Experimental Design Details
Eligibility criteria
Inclusion Criteria: All households owning chickens and at least one milking cow, or expects to have a calf born within the next three months, where the primary care-takers of the chickens and cattle are sufficiently literate to keep simple written records in English and at least one household member has a mobile phone..
Exclusion Criteria: Households without chickens or eligible cattle, or households where the primary caretakers of the chickens or cattle are unable to keep written records. Households who are currently eligible for free or subsidized veterinary care through their active participation in an existing program, since this may alter willingness to pay for vaccination and acaricides. Households where no household member has a mobile phone will be excluded, since the protocol includes SMS reminders. Individuals under age 18 will be excluded from serving as respondents.
Recruitment, baseline survey and randomization (visit 1).
We will recruit eligible households into the survey by going door-to-door in target villages. Once a household is recruited into the study, we will conduct a baseline survey with the primary decision-maker for chicken and with the primary decision-maker for eligible cattle. The baseline survey will collect detailed socio-demographic information from the households.
This survey will also collect information on livestock and poultry management practices.
Furthermore, we will measure each respondent’s memory capacity at baseline using a digit-span task.
Randomization will be conducted at the household level. Treatment status will be assigned by a random number generator in SurveyCTO. Enumerators will remain blinded to the treatment status until after they administer both baseline surveys. Treatment status will be revealed once both questionnaires are complete.
Intervention (visit 1, treatment group). After the baseline survey and randomization are
complete, farmers in the treatment group will receive training on how to keep the books and
report the data. They will be provided a paper and pencil template to record cattle and chicken
health and productivity outcomes for three months between the baseline and endline survey.
Specifically, the treatment farmers will be incentivized to keep detailed records on symptoms of
ECF and deaths in cattle as well as symptoms of ND and deaths in chickens. They will also keep
detailed accounts of ECF and ND prevention and treatment measures like application of
acaricides, deworming, and antibiotic use. Treatment group farmers will receive a small financial
incentive to keep these records. Each of the two primary caretakers in the treatment household will receive 100 KSH in Airtime every two weeks if they keep records for their animals (cattle for cattle caretakers and chicken for chicken caretakers).

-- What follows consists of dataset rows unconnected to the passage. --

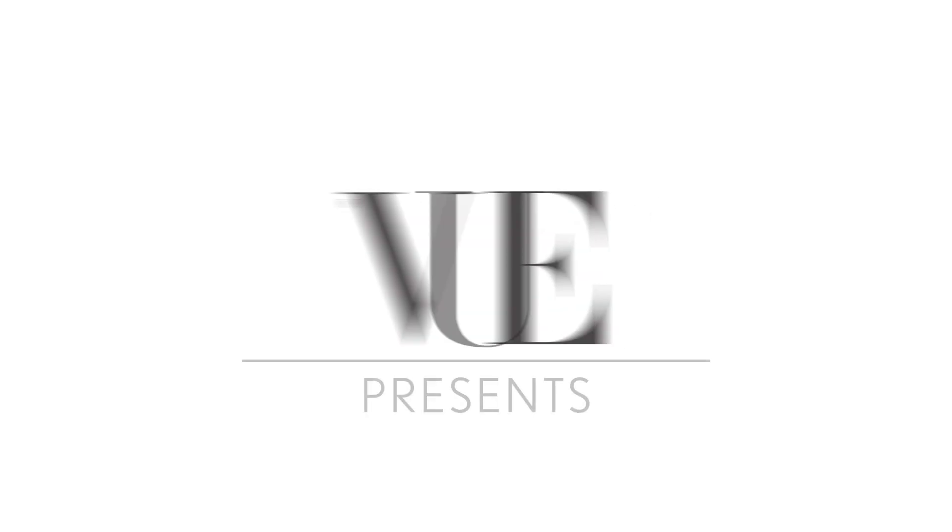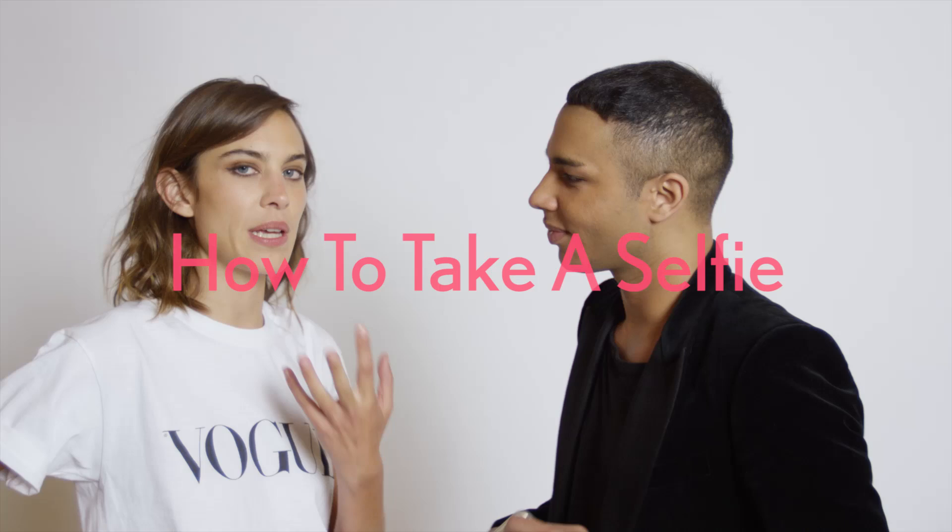I think it's time for you to instruct me how to pose for a selfie — maybe we could use this lens as our camera. So Jean-Paul, how do you pose? Selfies is all about lighting. Get a window, get some sunlight, and then you're good.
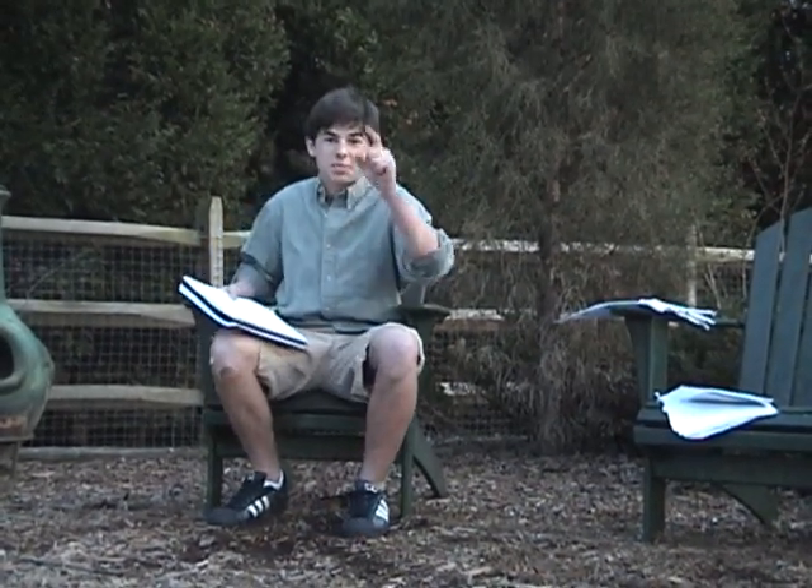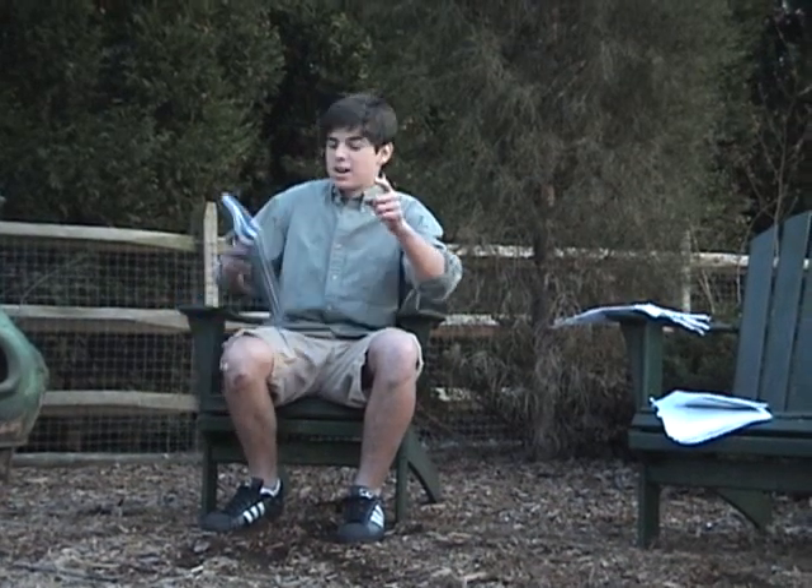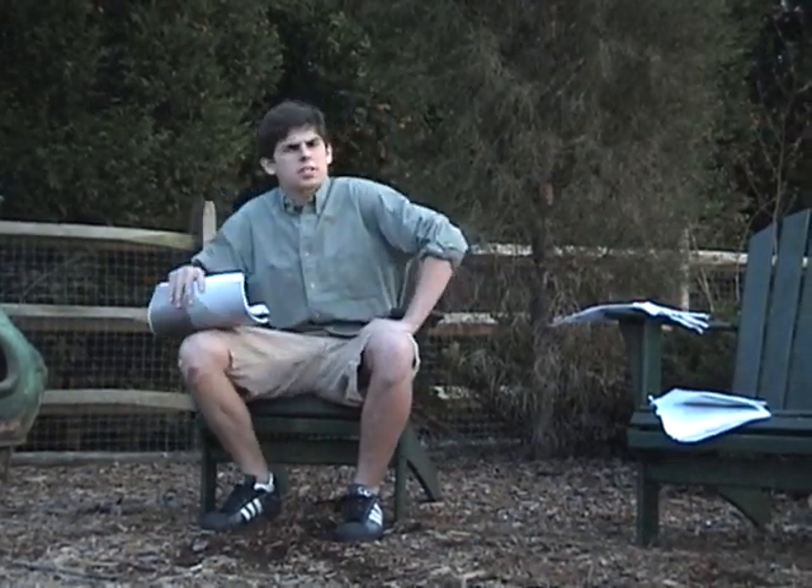G'day there! This is Robert Morton's Element Hunter, and today we're gonna get us some rhodium. But before we go get us some rhodium, I want to figure out what rhodium is all about.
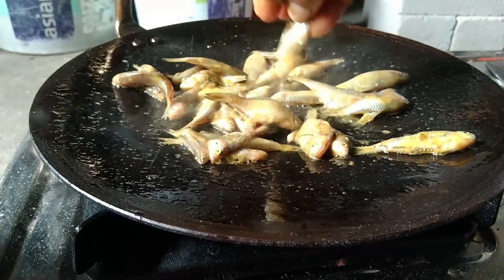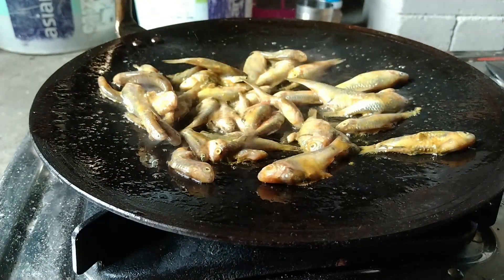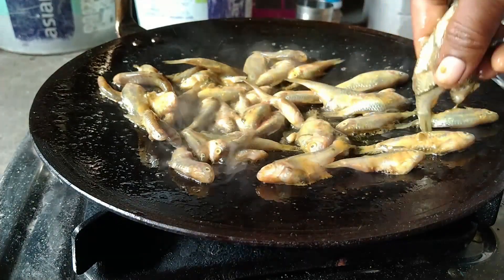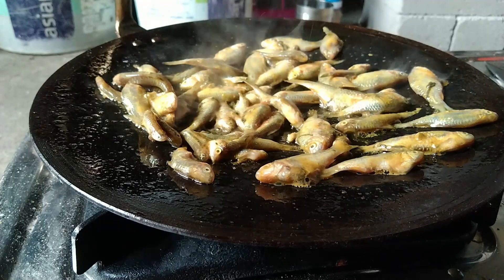And then we will put it in the oven for 2-3 minutes. The oven is ready to cook.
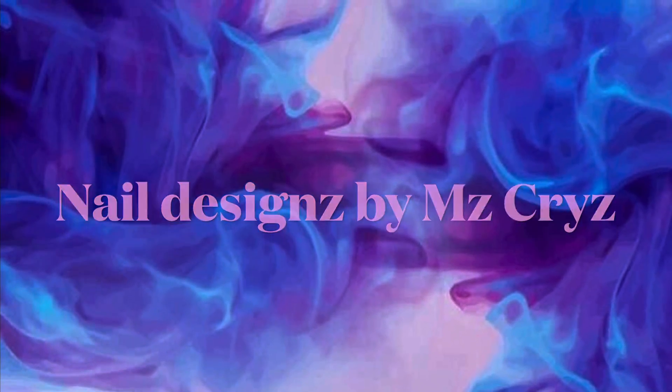Thanks so much for watching, and follow me on Facebook at Nail Designs by Miss Chris.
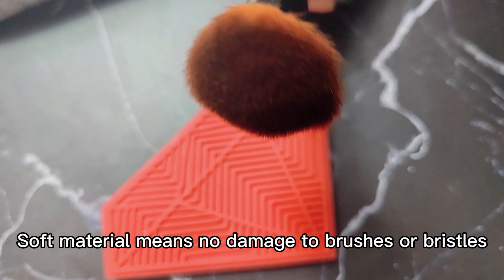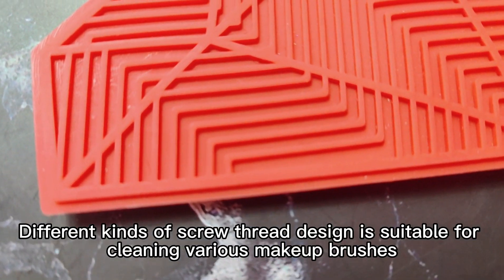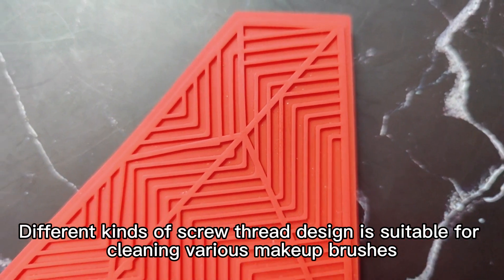Soft material means no damage to brushes or bristles, which can keep the same shape after washing. Different kinds of scrim thread design is suitable for cleaning various makeup brushes.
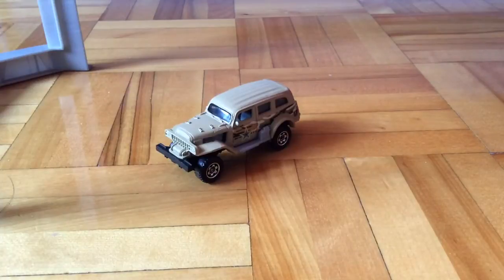So yeah, this has been my review for the Matchbox Jungle Crawler. So until the next video, this is Puppetfish51 out.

Random checks on treatment group (visit 2, treatment group). Participants in the treatment
group will receive a weekly reminder via SMS to complete their records. Additionally, an
enumerator will check on the books at one to three random points in time. All households will
receive at least one visit, and a small subset of the treatment group will receive two or three visits.
As long as the books are up to date during the random visits, participants will continue to receive
the incentive. Up to date is defined as having records entered within the past week. Enumerators
will take a photo of the book pages at every random visit for verification and tracking purposes;
participants will keep books in their possession. If the book is not up to date during the visit, enumerators will return the following week. If the book is up to date at that time, participants will resume receiving payments.
Willingness-to-pay. At the end of the three-month period in which treatment farmers engage in
record-keeping while control farmers do not, we will elicit from the primary chicken decision-maker
willingness-to-pay (WTP) for ND vaccination for different quantities of doses.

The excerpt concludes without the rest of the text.